Clearly, even from APD's own, biased narrative, Ramos complied with officers' commands so far as they were reasonable. He kept his hands up until they began shooting at him, and raised his shirt and turned around when he was told to do so. But he didn't want to move toward officers while they were pointing their weapons at him because he's a black man in Texas and feared he would be shot. He wanted them to deescalate the situation before he abandoned his hands-up-I-surrender position, and Grits doesn't blame him one bit. Ramos had already demonstrated he wasn't a threat. There was simply no reason for officers to keep threatening to shoot him, except that that's what they're trained to do.

The death in custody report reveals more about Chief Manley than it does the details of the shooting. It shows us Manley believes what happened was what should have happened. And it's an indication he has no intention of changing how Austin police handle such situations; to him, this was all by the book. Finally, it demonstrates Chief Manley will lie, obfuscate, and mislead in order to justify the worst outcomes.

The report also shows why everyone should be careful when interpreting data points from these death-in-custody reports. This is far from the first one I've seen that flat-out misrepresents facts in order to justify police officers killing someone.

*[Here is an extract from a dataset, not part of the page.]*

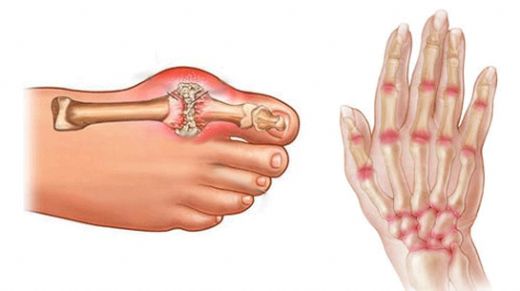 Eklem Ağrılarına Ne İyi Gelir?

UPDATE (5/29): Chief Manley is telling people he didn't see this document before it was filed, despite his being one of two names listed as its source. If true, he should immediately issue an amended version correcting all the smears and falsehoods. And it speaks to his management priorities that he considered his department's official, public portrayal of the details of the Ramos shooting unworthy of his interest. 


Gunny Thompson said...

From Unfiltered Minds of Independent Thinkers of the 3rd Grade Dropout Section:

Grits, thanks again for your no-holds barred reporting. Manley's report will now go down to the Texas AG's office, never to be seen again, which given reason to demand that Internal Affairs are without authority to investigate matters beyond those of civil service or administrative matters. The case has now been corrupted and beyond correction by state officials. Which gives rise to my opinion that all matters prohibited for review by state officials,must be referred to the Justice Department.

Deb said...

quoted you in my latest meme

Sean said...

Thanks for your coverage of this Grits.